Dal 23 marzo al cinema: il progetto di Cat People Distribuzione con Cinematocco
Il ritorno in sala di I pugni in tasca (nei cinema dal 23 marzo) è un progetto di Cat People Distribuzione, realizzato in collaborazione con Cinematocco: un’operazione che rimette al centro l’esperienza della sala come luogo naturale per riscoprire un cinema che non ha perso la sua forza, e che continua a parlare – con durezza – al presente.
Sinossi
Tra gli Appennini piacentini, in una famiglia isolata e fragile, Alessandro (Lou Castel), giovane epilettico soffocato dall’ambiente domestico, sviluppa un piano estremo per liberarsi della madre cieca (Liliana Gerace) e dei fratelli (Paola Pitagora, Pier Luigi Troglio), che percepisce come un ostacolo a una realizzazione di sé che non sa bene neanche lui cosa sia. La sua ribellione, più autodistruttiva che liberatoria, trascina la famiglia e se stesso in una fine che non può essere che tragica.
Cat People e Cinematocco: riportare i classici in sala e parlare ai nuovi pubblici
Cat People è una casa di distribuzione indipendente fondata da Raffaele Petrini e Alessandro Tavola (2023), nata dalla volontà di riportare i “classici” del cinema nelle sale, con uno sguardo personale e differente nel panorama delle riedizioni, sempre più accolto dal pubblico negli ultimi anni.
Cinematocco è un’associazione di promozione sociale under35 fondata nel 2023 da Marta Braga e Lorenzo Nicolino: lavora sul dialogo tra cinema come pratica culturale condivisa e nuovi pubblici giovanili, attraverso progetti di attrattività territoriale e collaborazione pubblico-privato.

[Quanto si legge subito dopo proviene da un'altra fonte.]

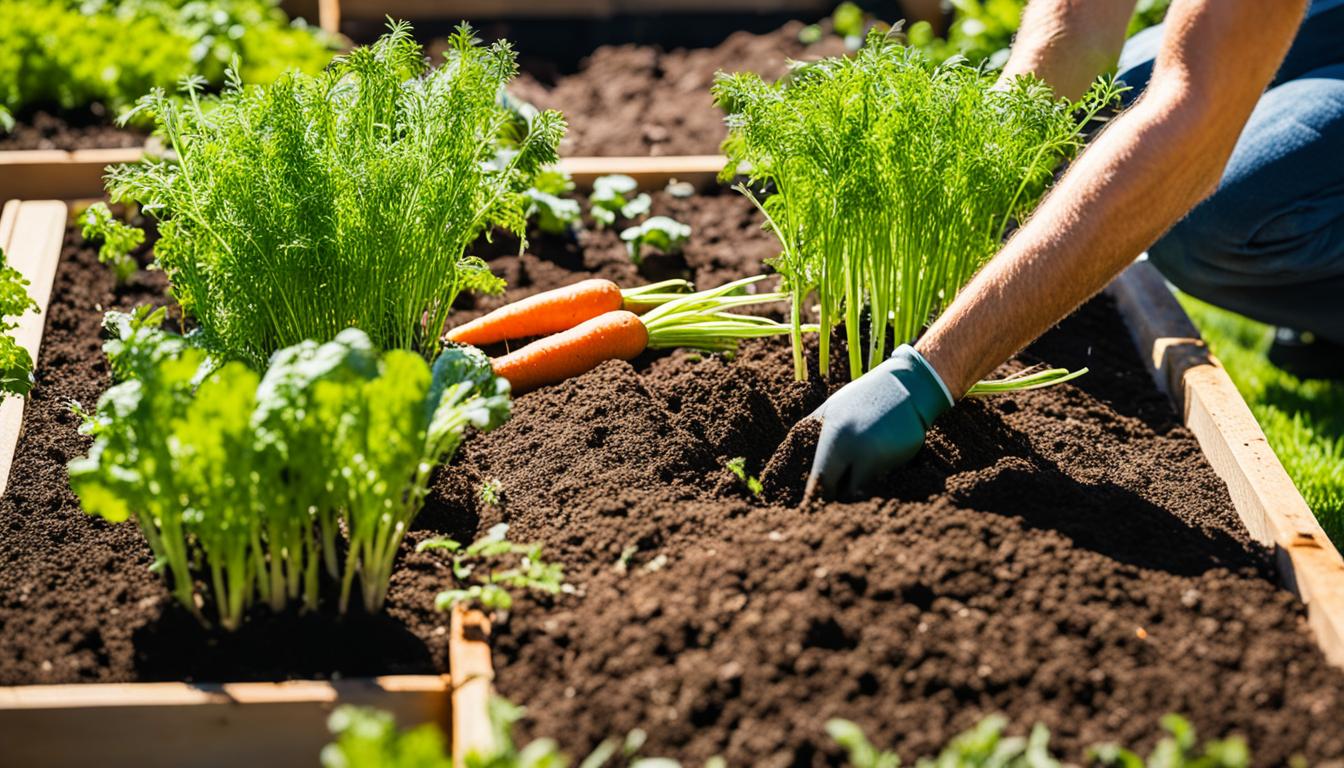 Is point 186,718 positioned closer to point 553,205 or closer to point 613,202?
point 553,205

Kavac Film: la produzione tra cinema d’autore, serie e documentari
Kavac Film è una società di produzione cinematografica fondata nel 1997 da Marco Bellocchio e Francesca Calvelli, oggi guidata da Simone Gattoni (CEO). La società è attiva nella produzione di film d’autore internazionali, serie tv e documentari, con un percorso che attraversa festival e premi, tra cinema e serialità.